Starting from the line containing "23.911.08 Copenhagen Pro", give again every line through the end of the entries, word for word. Pictures stay out of the copy.

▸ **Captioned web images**
==*==
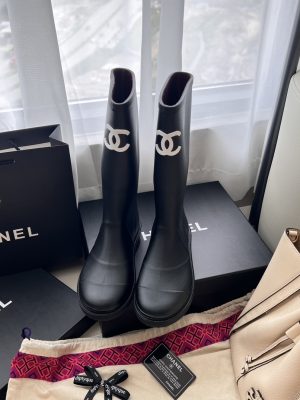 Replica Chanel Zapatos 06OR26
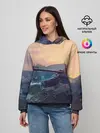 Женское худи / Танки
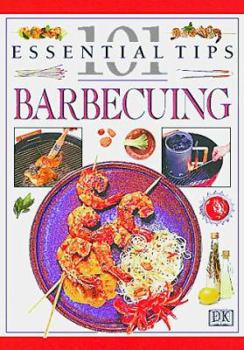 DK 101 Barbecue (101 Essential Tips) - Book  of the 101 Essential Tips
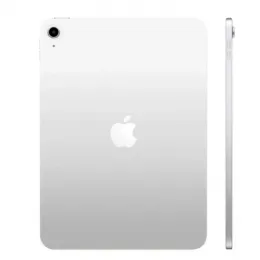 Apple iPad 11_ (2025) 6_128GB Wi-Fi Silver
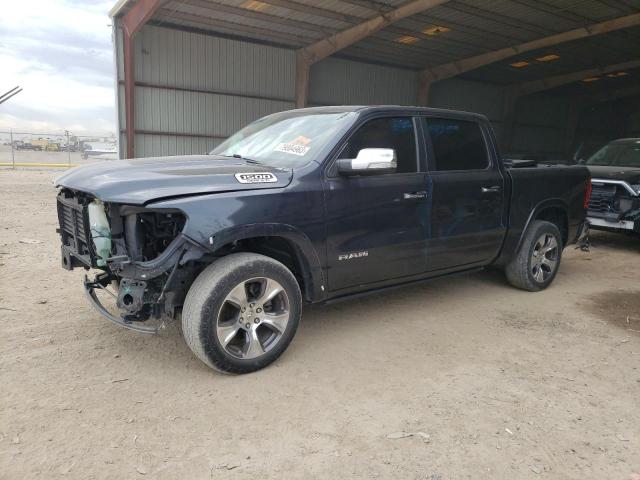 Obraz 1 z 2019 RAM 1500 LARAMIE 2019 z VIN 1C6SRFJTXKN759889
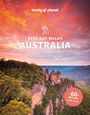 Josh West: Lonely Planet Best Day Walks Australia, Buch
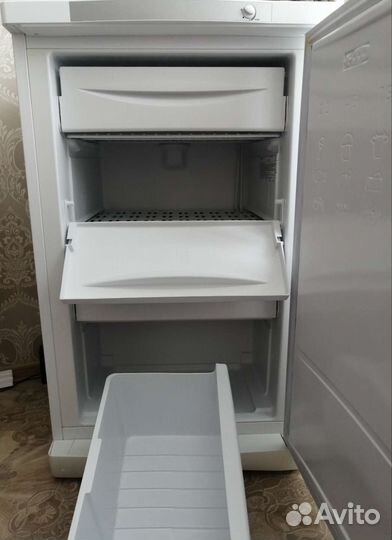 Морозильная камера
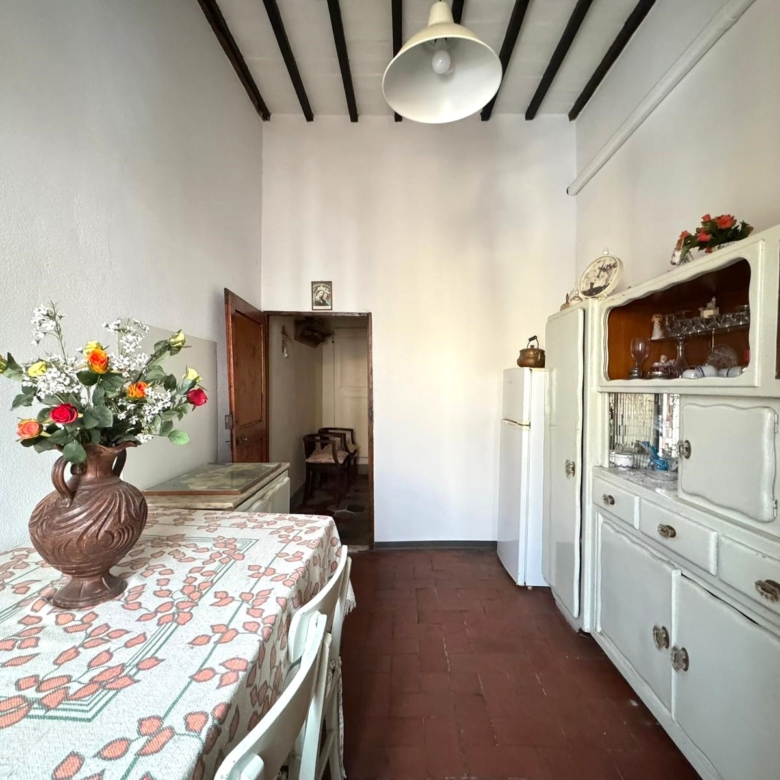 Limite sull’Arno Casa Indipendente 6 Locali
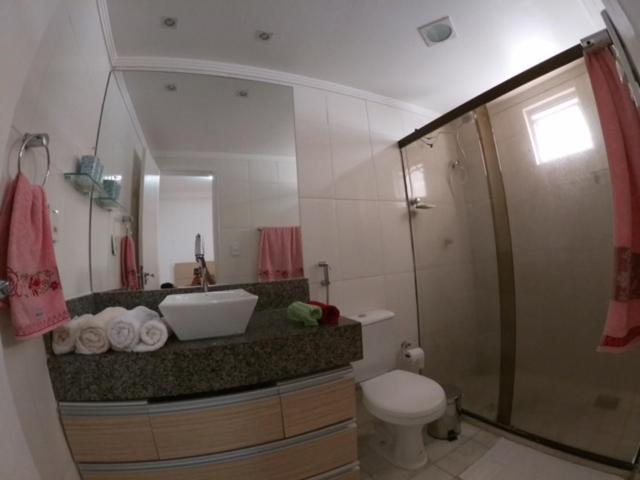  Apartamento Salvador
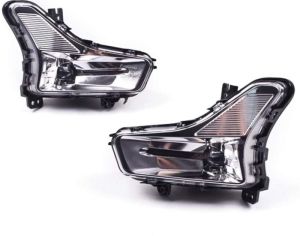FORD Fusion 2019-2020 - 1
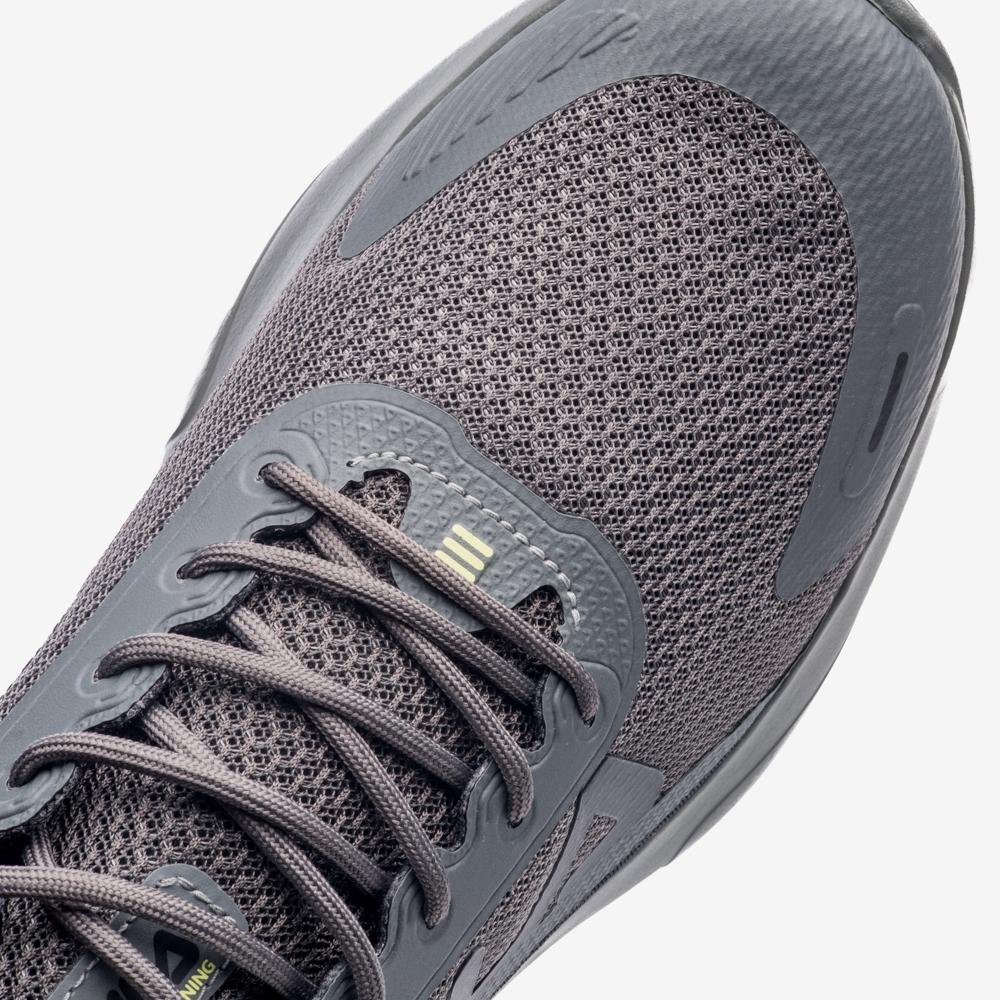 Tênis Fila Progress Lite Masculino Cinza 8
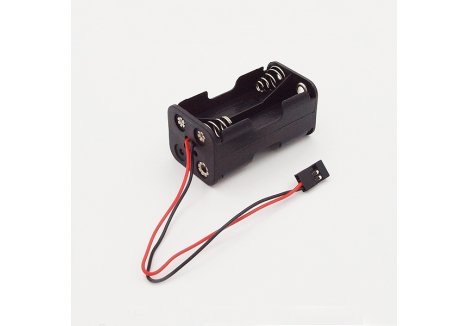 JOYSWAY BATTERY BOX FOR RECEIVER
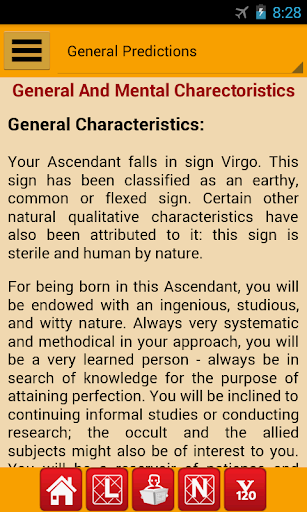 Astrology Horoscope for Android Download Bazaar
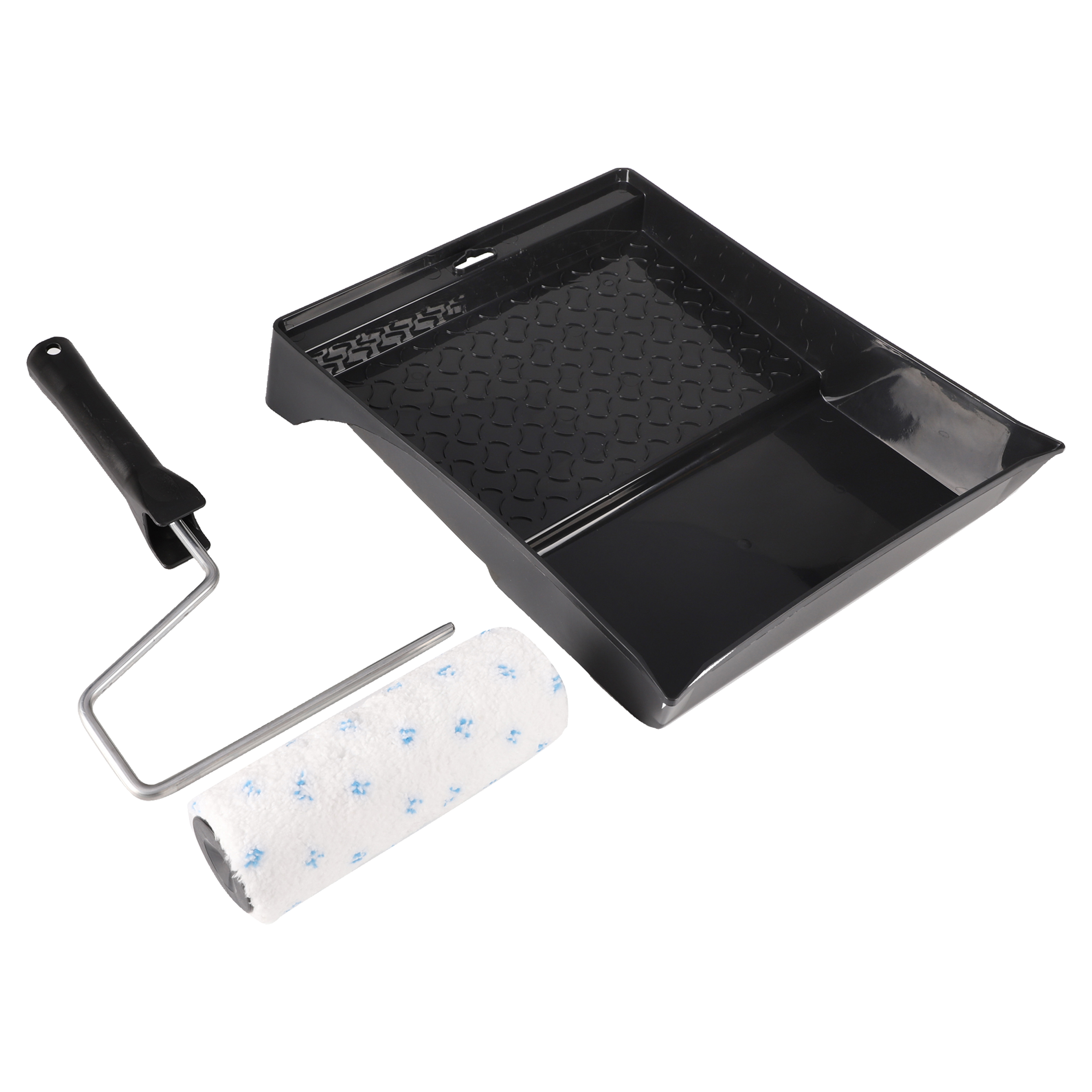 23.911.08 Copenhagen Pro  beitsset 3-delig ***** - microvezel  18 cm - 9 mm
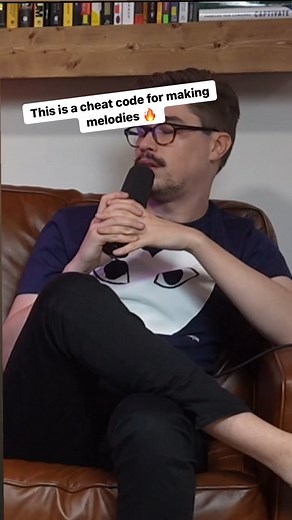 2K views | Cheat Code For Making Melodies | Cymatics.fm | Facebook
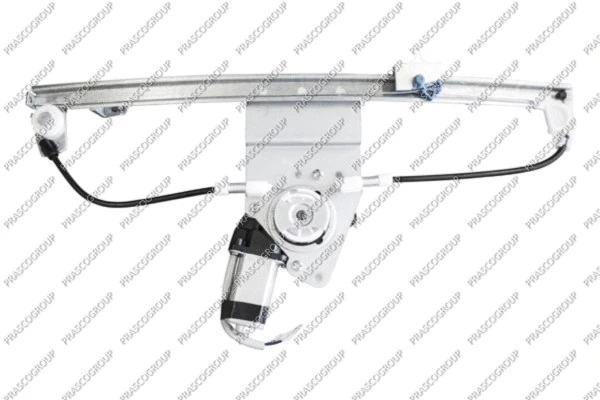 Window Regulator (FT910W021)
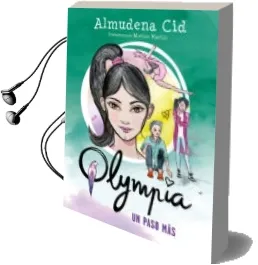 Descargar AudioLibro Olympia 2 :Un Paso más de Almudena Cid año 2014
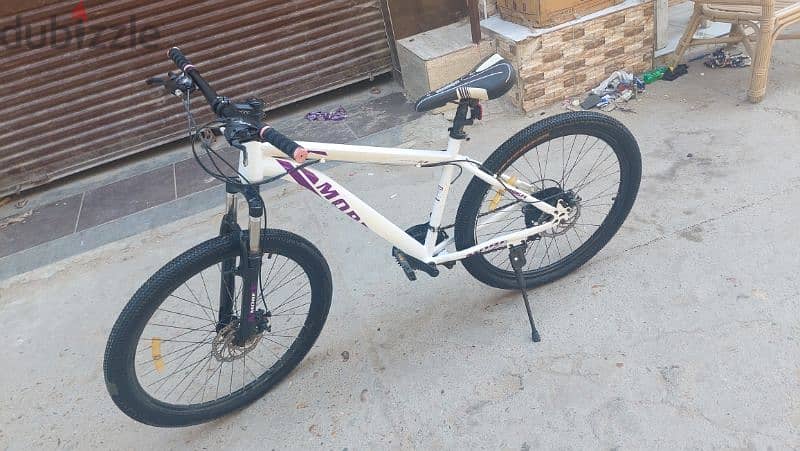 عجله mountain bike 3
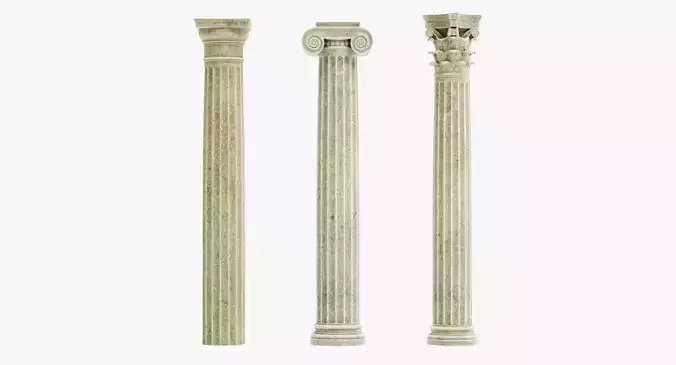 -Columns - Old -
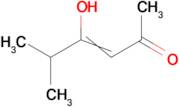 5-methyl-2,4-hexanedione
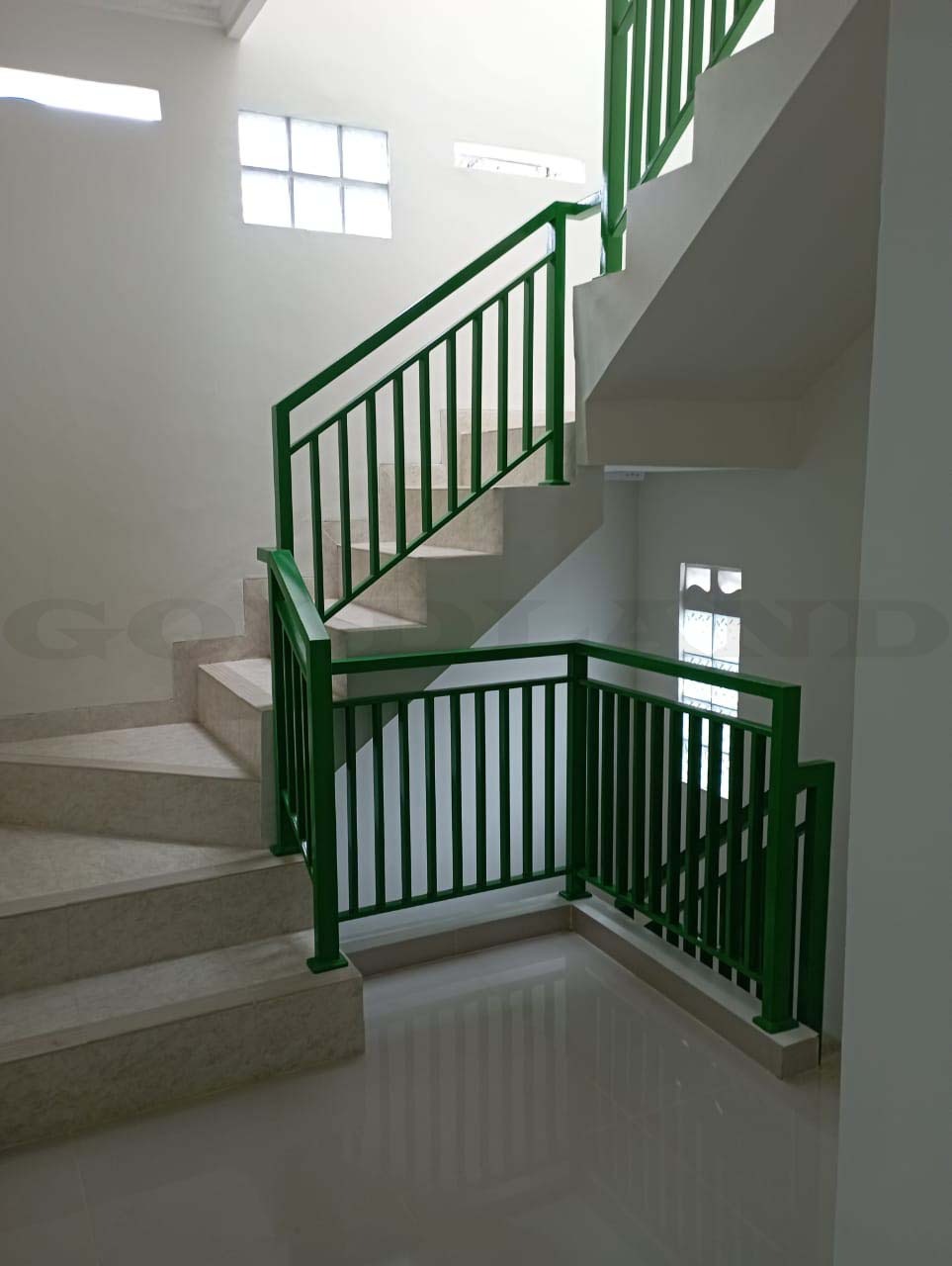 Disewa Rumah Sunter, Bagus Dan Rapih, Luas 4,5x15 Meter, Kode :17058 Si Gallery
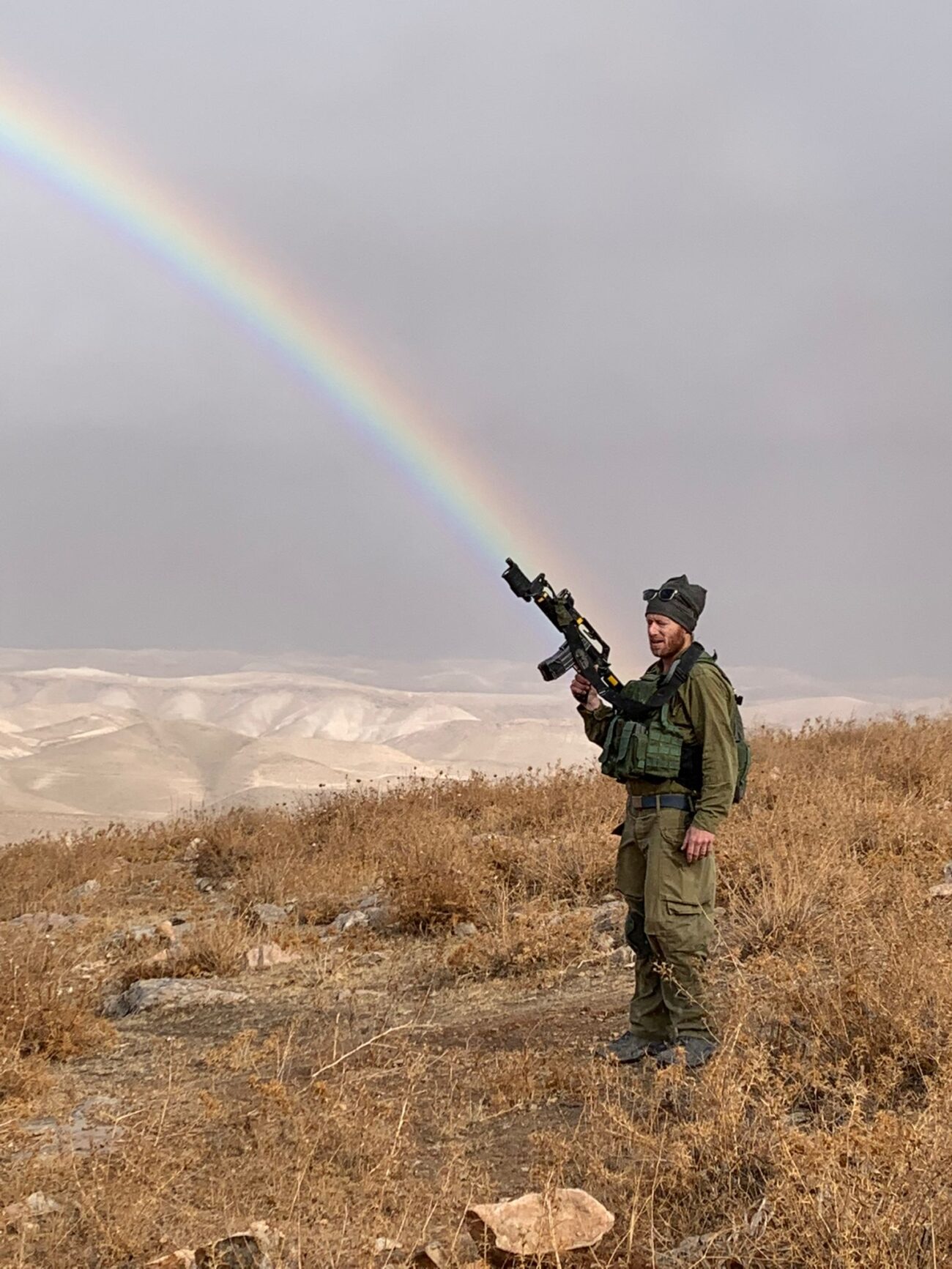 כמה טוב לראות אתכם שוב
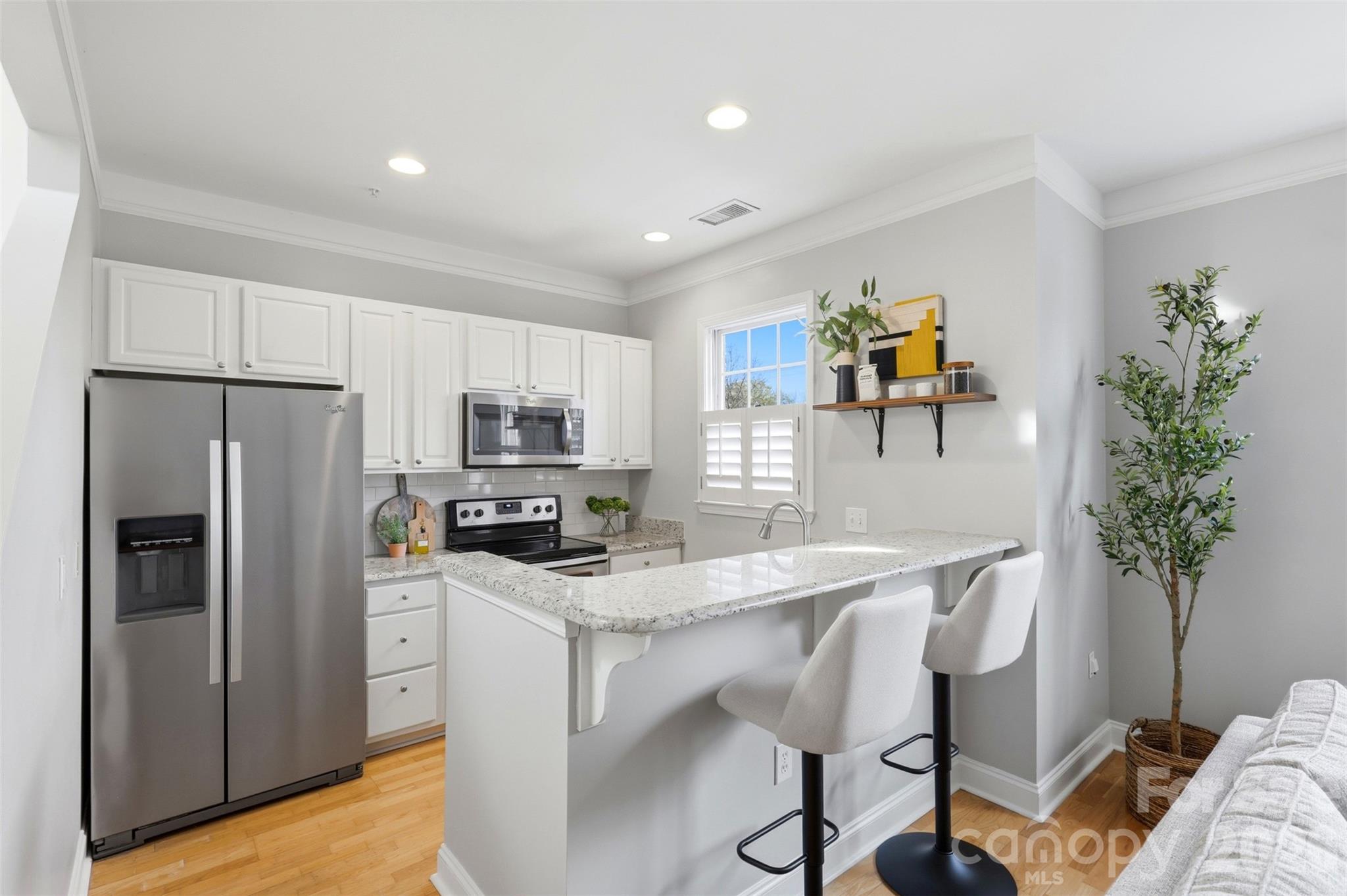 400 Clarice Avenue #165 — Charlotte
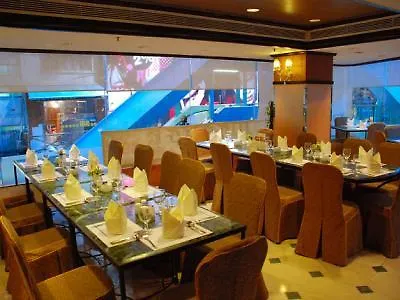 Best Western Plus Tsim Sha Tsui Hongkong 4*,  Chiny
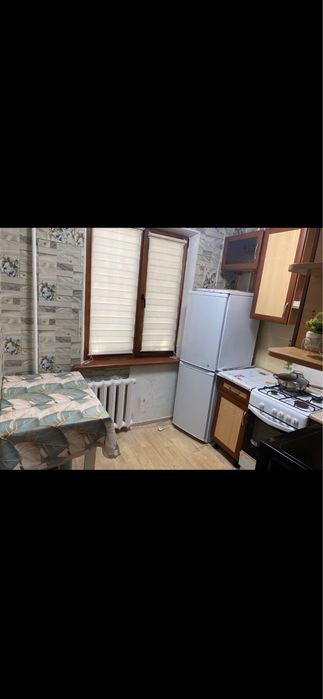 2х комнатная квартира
==*==
▸ **SOLUTION FOR THIS PROBLEM**
 23.911.08 Copenhagen Pro  beitsset 3-delig ***** - microvezel  18 cm - 9 mm
 2K views | Cheat Code For Making Melodies | Cymatics.fm | Facebook
 Window Regulator (FT910W021)
 Descargar AudioLibro Olympia 2 :Un Paso más de Almudena Cid año 2014
 عجله mountain bike 3
 -Columns - Old -
 5-methyl-2,4-hexanedione
 Disewa Rumah Sunter, Bagus Dan Rapih, Luas 4,5x15 Meter, Kode :17058 Si Gallery
 כמה טוב לראות אתכם שוב
 400 Clarice Avenue #165 — Charlotte
 Best Western Plus Tsim Sha Tsui Hongkong 4*,  Chiny
 2х комнатная квартира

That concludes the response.